Entries taken from a collection:

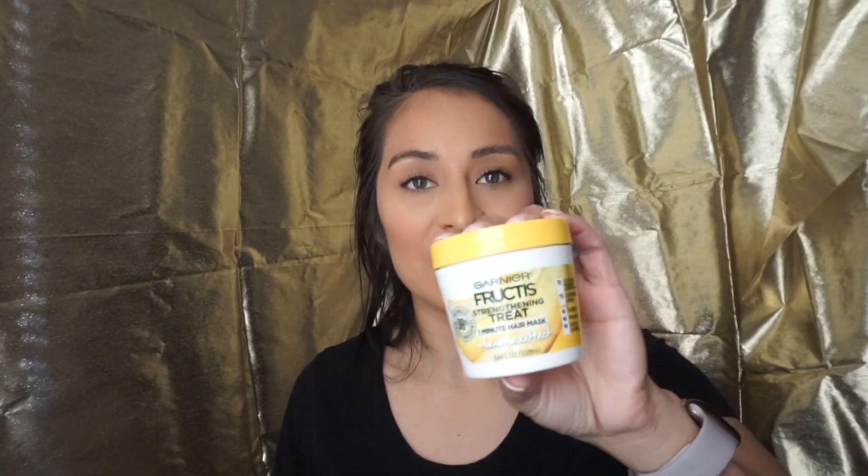The second hair product is another Garnier — I promise this is not sponsored, I've just been loving Garnier products. It's the Garnier Fructis Strengthening Treat 1 Minute Hair Mask in Banana Extract. I love the smell of this — I'm not a big banana eater, but this smells so, so good. I got the small, 3.4-ounce size. I've used it about three times already and still have quite a bit left. All three times it has left my hair feeling so smooth, silky, and clean. I just love this.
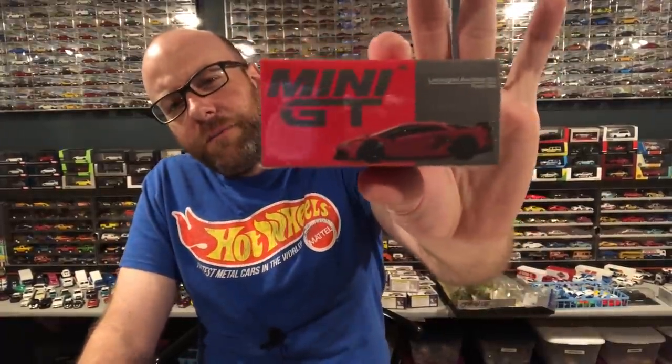I also got a couple of Mini GT still to open: a Land Rover Defender 110 in military camo — pretty cool — and a Lamborghini Aventador SVJ in Rosso Mars. I think this is the first Aventador tooling from Mini GT, which is exciting. It's a pretty good week overall. I might just make a separate 10-minute video on the Boulevard series and open up the rest of this stuff, so keep it tuned.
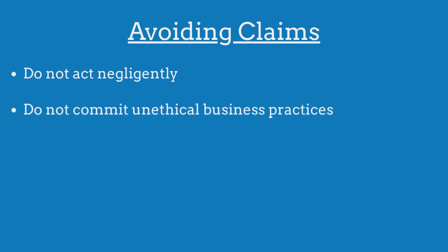To avoid claims made against their bond, title agents must ensure that they are not negligent, they do not commit unethical business practices, and they do not engage in acts of fraud.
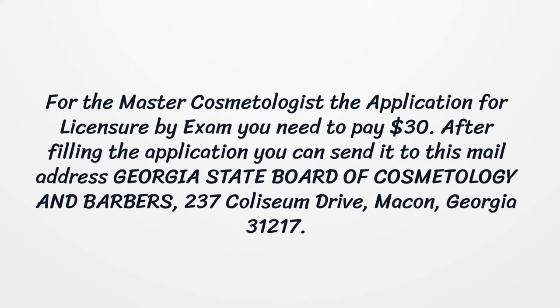After filling out the application, you can send it to this mailing address: Georgia State Board of Cosmetology and Barbers, 237 Coliseum Drive, Macon, Georgia 31217.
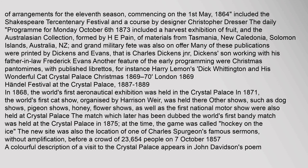In 1868, the world's first aeronautical exhibition was held at the Crystal Palace. In 1871, the world's first cat show, organised by Harrison Weir, was held there. Other shows — including dog shows, pigeon shows, honey and flower shows, as well as the first national motor show — were also held at Crystal Palace. A match later dubbed the world's first bandy match was held at the Crystal Palace in 1875; at the time the game was called Hockey on the Ice.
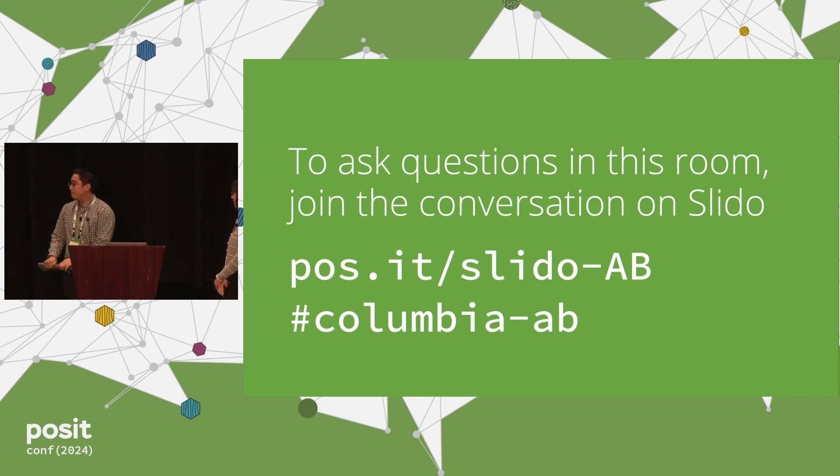Question: Is the code available for the example you showcased on GitHub anywhere? Answer: I can make it available. I had to make it not look like my actual code, which was annoying, but I'll post it on GitHub.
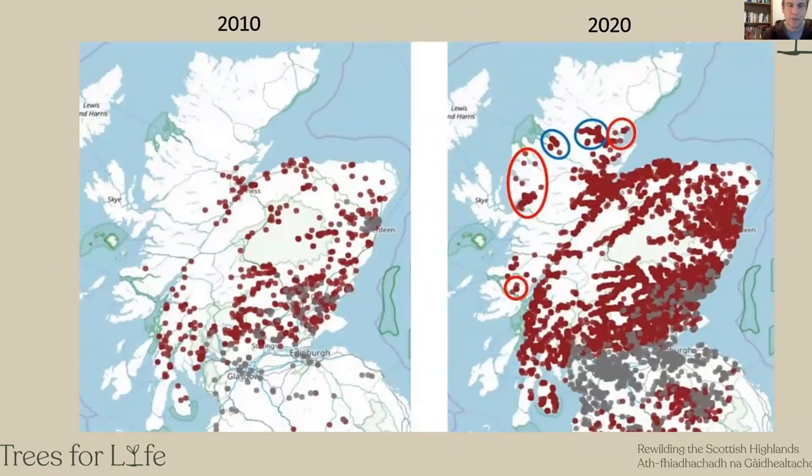These two maps show the impact that squirrel translocations have made. On the left in 2010, the dots are reports of red squirrel sightings, and as you can see there was nothing really in the north and west of Scotland. In 2020, the blue circles are squirrels associated with Roy Dennis's translocations and the red ones are associated with Trees for Life's translocations since then — you really start to see the presence coming in. Working on standard population modelling, we think these squirrel populations at these sites should expand to at least 5,000 squirrels in the long term, which is a real boost to the biogeographical spread and resilience of Scotland and the UK's red squirrels.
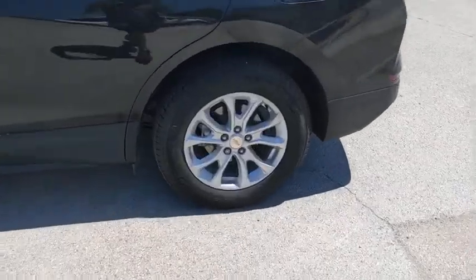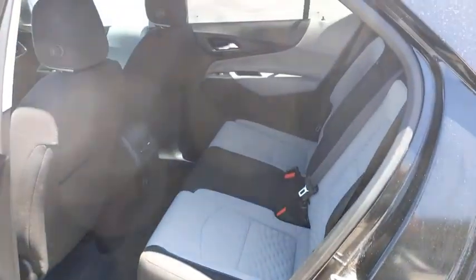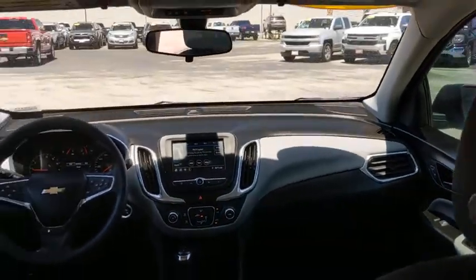Floor mats, keyless start, aluminum wheels, cruise control, rear defrost, AM-FM stereo radio, front-wheel drive, power windows, MP3 player, child safety locks.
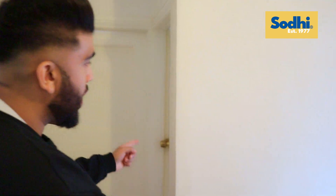Welcome guys to the first floor landing. So what do we have? We've got three good sized bedrooms, a family bathroom, and a separate WC.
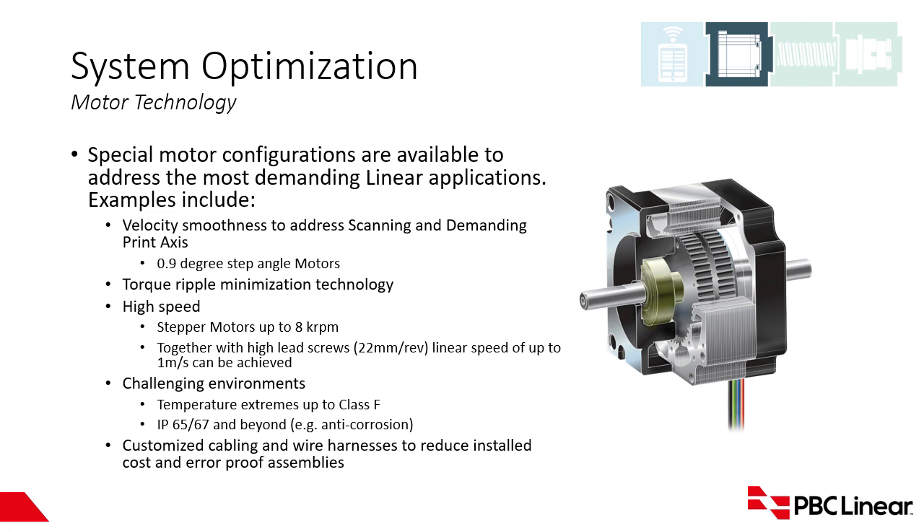For challenging environments and temperature extremes, we get up to Class F classification on the motors themselves and have done higher temperature designs — it comes down to the windings, cables, and bearing life. We offer IP65, IP67 and beyond. We also have an anti-corrosion technology available for harsh environments. We have a division of over 600 people focused strictly on wire harnesses, allowing us to pass that optimization on to end users, whether it's cables, connectors, or shaft modifications.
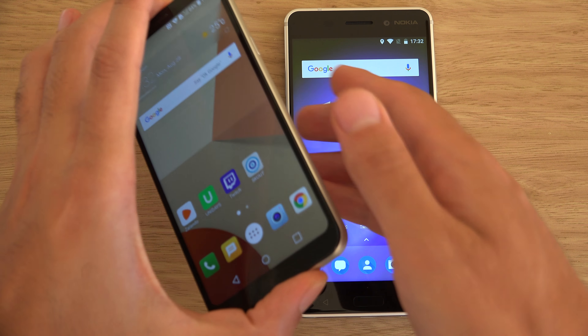So yeah, just a quick little comparison here. We'll do some other comparisons with the Q6, checking out other things as well. I'll see you in the next one. Cheers.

Your assignment: Precisely those lines above that run from the line with "Question: Is the" up to and including the line with "Welcome guys to" are to be set down, with the pictures omitted.

Your solution:
Question: Is the code available for the example you showcased on GitHub anywhere? Answer: I can make it available. I had to make it not look like my actual code, which was annoying, but I'll post it on GitHub.
These two maps show the impact that squirrel translocations have made. On the left in 2010, the dots are reports of red squirrel sightings, and as you can see there was nothing really in the north and west of Scotland. In 2020, the blue circles are squirrels associated with Roy Dennis's translocations and the red ones are associated with Trees for Life's translocations since then — you really start to see the presence coming in. Working on standard population modelling, we think these squirrel populations at these sites should expand to at least 5,000 squirrels in the long term, which is a real boost to the biogeographical spread and resilience of Scotland and the UK's red squirrels.
Floor mats, keyless start, aluminum wheels, cruise control, rear defrost, AM-FM stereo radio, front-wheel drive, power windows, MP3 player, child safety locks.
Welcome guys to the first floor landing. So what do we have? We've got three good sized bedrooms, a family bathroom, and a separate WC.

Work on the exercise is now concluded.